Kankonians do not change their speech with another Kankonian based on their interlocutor's gender or age (except people will use simpler vocabulary around children, similar to the way they do with immigrants who don't speak Kankonian as a first language). Older people, even teachers, Vigilante Squadders and people at the Pandominium, do not demand more "respect" from younger speakers. Children will freely joke with and insult their parents. Women and men do have speech differences, however, based on their inherent psychological differences (with women using pronouns more often and men talking about things more often). Baby talk, more often imitating very young children than with very young children, includes a number of reduplications with shw- (such as kravishwavi for kravik, toe) based on suppositions of the way children attempt to speak (using SH and W a lot). Kankonian adults do not raise the pitches of their voices when addressing young children, however.

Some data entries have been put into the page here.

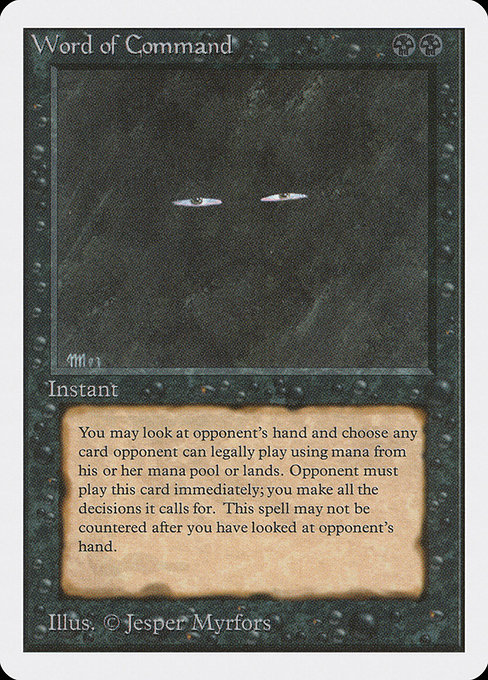 Word of Command - Unlimited Edition Rare Card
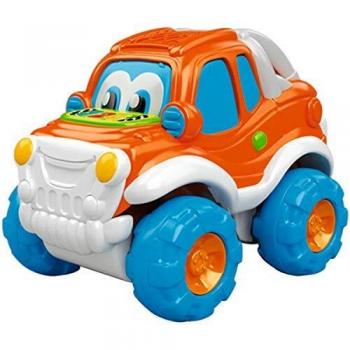 Clementoni - Baby Clementoni Coche Gipy Volteretas coche radio control con sonido y canciones, a partir de 2 años,juguete en español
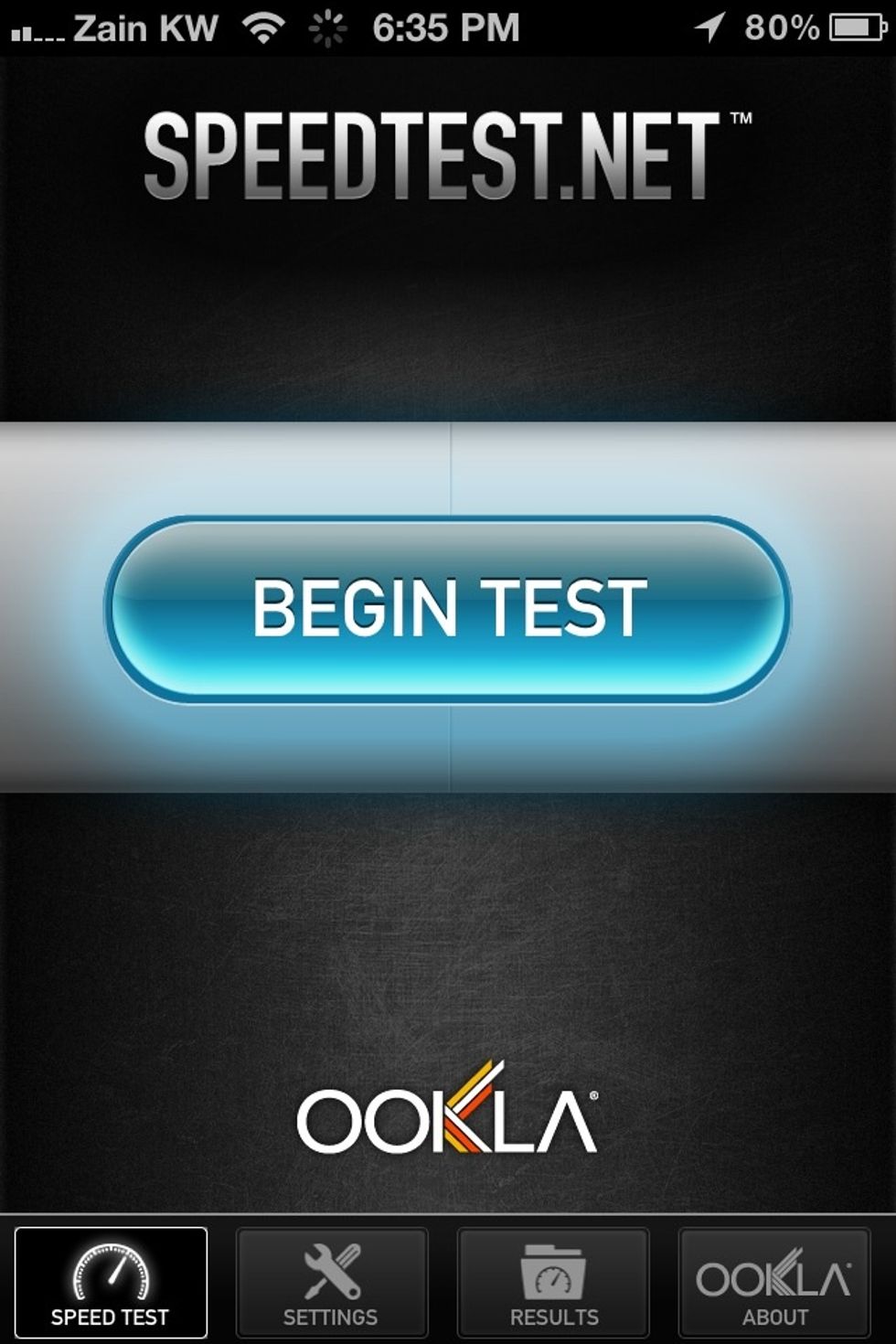 Launch the app and click " begin test " .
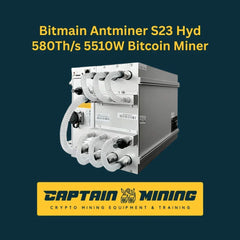 Antminer S23 Hydro water cooled Bitcoin miner 580Th/s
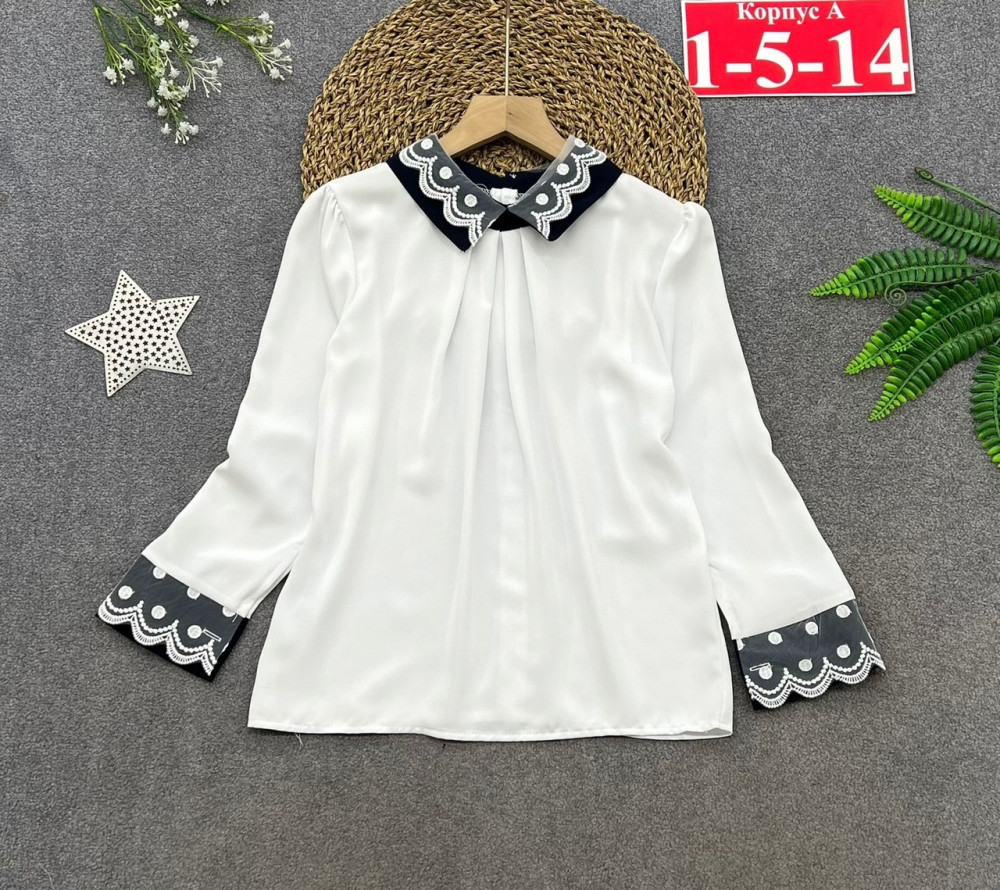 блузка белая купить в Интернет-магазине Садовод База - цена 380 руб Садовод интернет-каталог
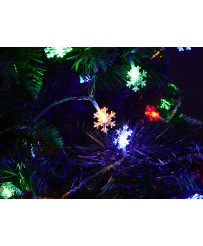 LED lights snowflake chain 10m 100LED multicolor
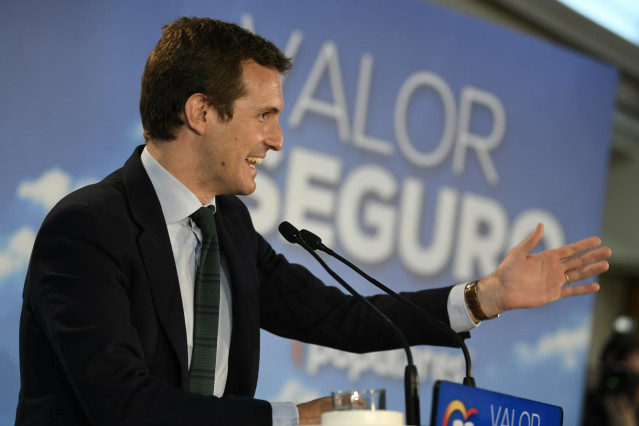 Pablo Casado clausura un mitin del partido en Ciudad Real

When asking alternative questions, Kankonians will typically list the answer their interlocutor is "supposed to" give second/last. For instance, instead of asking, "Can we talk, or do you want to do your hair?", they'll ask, "Do you want to do your hair, or can we talk?"

Kankonians do not have an "inside voice" and an "outside voice"; they will use whatever volume of voice occurs naturally to them at the moment, which is often quite loud. Even at a library there are no norms about keeping quiet. Obviously, however, they will whisper to keep something a secret. Kankonians also use a loud voice when speaking to someone who is way across the room, or in another room, or outside the building altogether, for the practical purposes of being heard. Their voice will get louder if it becomes apparent that someone didn't hear them. A voice may become quieter but more intense to make what is said extra dramatic. Kankonians do not believe that speaking in a louder voice will make it easier for immigrants or foreigners to understand them.

Kankonian proxemics are a convoluted topic, as the Kankonians have no real personal space. Even in the rural regions of Kankonia, people will not step away if another person steps quite close to them. People climbing right over other people to get by is a common sight. However, people will jump farther away from their interlocutor than they currrently are to recoil in fear, and if a Kankonian person becomes angry with his interlocutor, he may step closer to her. If he is already right next to her, he may stay where he is, but he might indicate increasing anger by bumping right into her. Distance relative to where one was standing before can therefore be seen as a defining factor in Kankonian proxemics. Kankonians do not have an orientational symbolism in their communication, i.e. they do not associate having one's back turned to someone as a sign of disrespect for her/him.

There are no taboo topics in Kankonian conversation. Death, rape, child molestation, genitalia, feces, urine, blood and murder are all openly talked about, regardless of the time, place, or station of one's interlocutor. If you ask a Kankonian what STD's he has or how much money she makes, the Kankonian will answer matter-of-factly. There are also no taboos regarding speaking to, or speaking about certain things to, a certain relative (such as a man speaking to his mother-in-law or joking with his sister).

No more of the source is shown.